SNS全盛期に響く「自己肯定感」に関する物語 『殺さない彼と死なない彼女』の“ここにいて”というメッセージ

 誰かと肩をならべて歩くことの尊さは、その誰かがいなくなってみないと分からない。おなじ歩幅、おなじリズム、おなじペース……それらがしっくりくる誰かを見つけることは、とてもとても難しい。開巻直後から高校生の男女3組がそれぞれに肩をならべて歩く姿が活写される『殺さない彼と死なない彼女』には、そんな「誰か」との愛おしくかけがえのない時間が刻まれている。

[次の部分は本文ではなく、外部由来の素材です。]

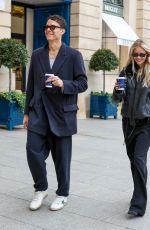 SAMARA WEAVING And Jimmy Warden Out for Coffee in Paris 02/27/2024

 「殺」と「死」の文字がならぶタイトルから感じるどうにも剣呑な雰囲気と、それに対して学園モノというギャップ。実際に主な舞台となるのは学校であって、校内は柔らかな陽光に満たされているものの、冒頭からひっきりなしに「殺すぞ」「死ね」「死にたい」といった言葉が飛び交う。いずれもネガティブな印象を与える言葉だが、誰でも一度くらいは口にしてしまったことがあるのではないだろうか。ネット上でも頻繁に見かける。これは、「お腹が空いた」「眠たい」といった、私たちが日々つい口にしてしまうものと同じような軽さで発され、そこに何か重要な意味合いがあるようには思えない。

 「殺すぞ」と「死ね」が口癖の退屈な高校生活を送る小坂(間宮祥太朗)は、「死にたい」が口癖のリストカット常習者でありながら、“ゴミ”となったハチ=死骸を埋葬しようとする鹿野(桜井日奈子)に興味を抱く。そんな彼らの関係と並行して描かれるのが、愛に飢えた少女・きゃぴ子(堀田真由)と、彼女をいつも見守る地味子(恒松祐里)の関係。そして、つれない態度を取り続ける八千代(ゆうたろう)に対し、手を替え品を替え告白を繰り返す撫子(箭内夢菜)の関係だ。

 本作は、「自己肯定感」に関する物語だといえる。TwitterやInstagramをはじめとする、SNS全盛期である昨今。見知らぬ誰かに褒められ、肯定されることがあれば、思わぬところで否定され、心無い言葉に傷つけられることもある。こんな時代だからこそ、簡単に自己肯定感を得ることは可能だけれど、反対にそれが難しいのもまた事実。かといって、自分で自分自身を肯定していくことはなかなか難しい。そこにはやはりつねに、「他者」の顔がチラつくからだ。

 本作に登場する6人の男女もまた、それぞれにそういった問題を抱えている。与える者、与えられる者ーー他者との関わり方はさまざまだ。先に述べたように小坂の乱暴な発言は、あくまで攻撃性を備えたものではない。それは向き合う相手に対しての、ときに照れ隠しであり、ときに愛情表現でもあるのだ。“語彙力の欠如”と言ってしまえばそれまでだが、それらの言葉の響きにあるニュアンスは豊かであり、ここに演じ手の力も感じる。映画を観ている私たちは、やがてそれが“好き”と同義に聞こえてもくることだろう。